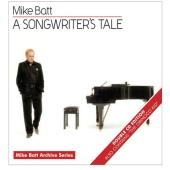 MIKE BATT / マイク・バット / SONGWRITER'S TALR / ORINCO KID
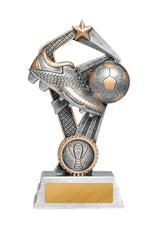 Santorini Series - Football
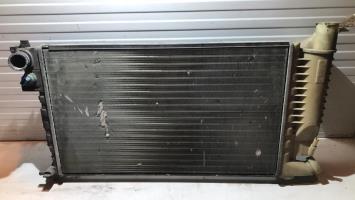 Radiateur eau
****
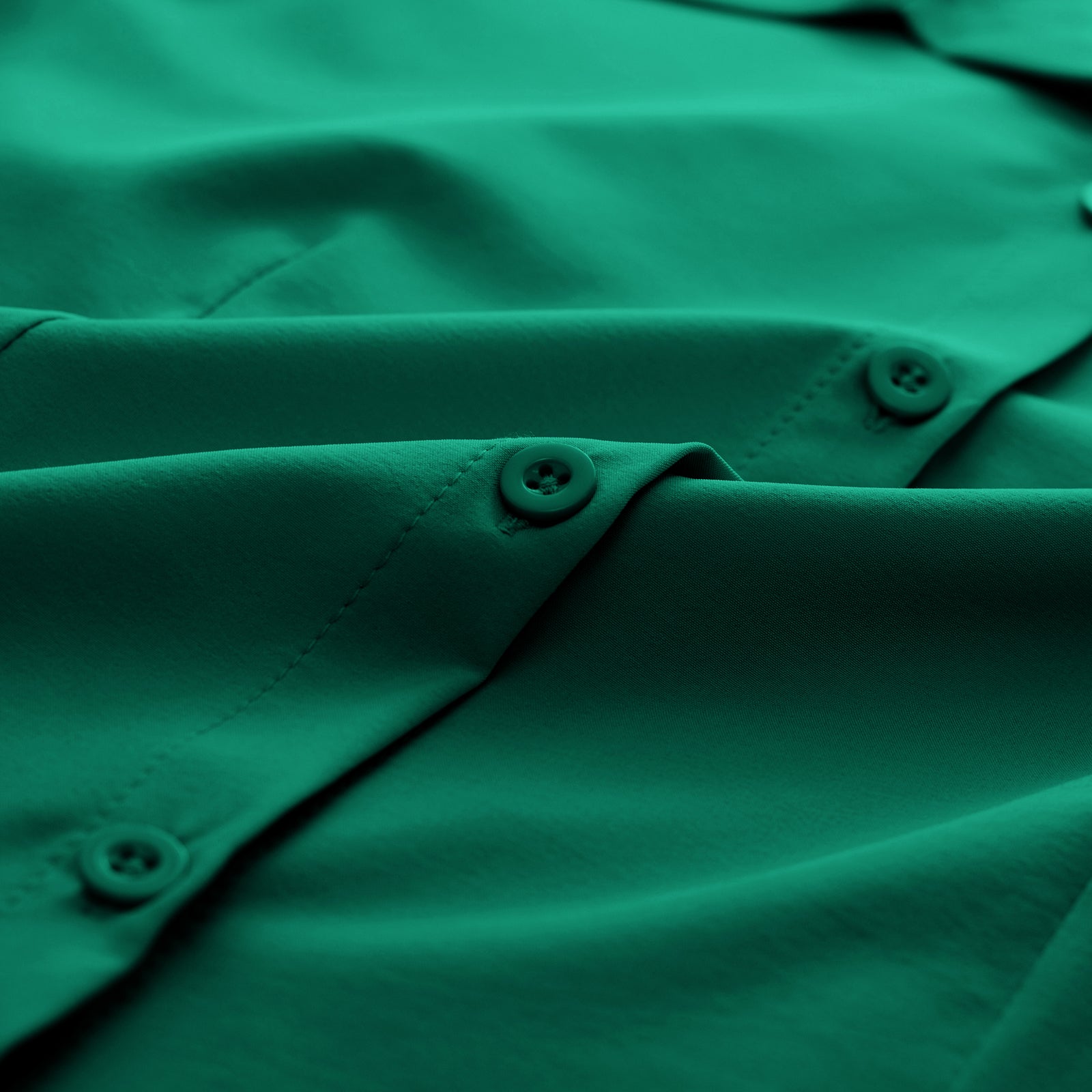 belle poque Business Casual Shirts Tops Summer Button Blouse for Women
****
__ASSIGNMENT__. Copy word for word the span of the records above that begins at the line with "MIKE BATT /" and ends at the line with "Radiateur eau", including those two lines but not the pictures.

__SOLUTION TO THIS PROBLEM__.
 MIKE BATT / マイク・バット / SONGWRITER'S TALR / ORINCO KID
 Santorini Series - Football
 Radiateur eau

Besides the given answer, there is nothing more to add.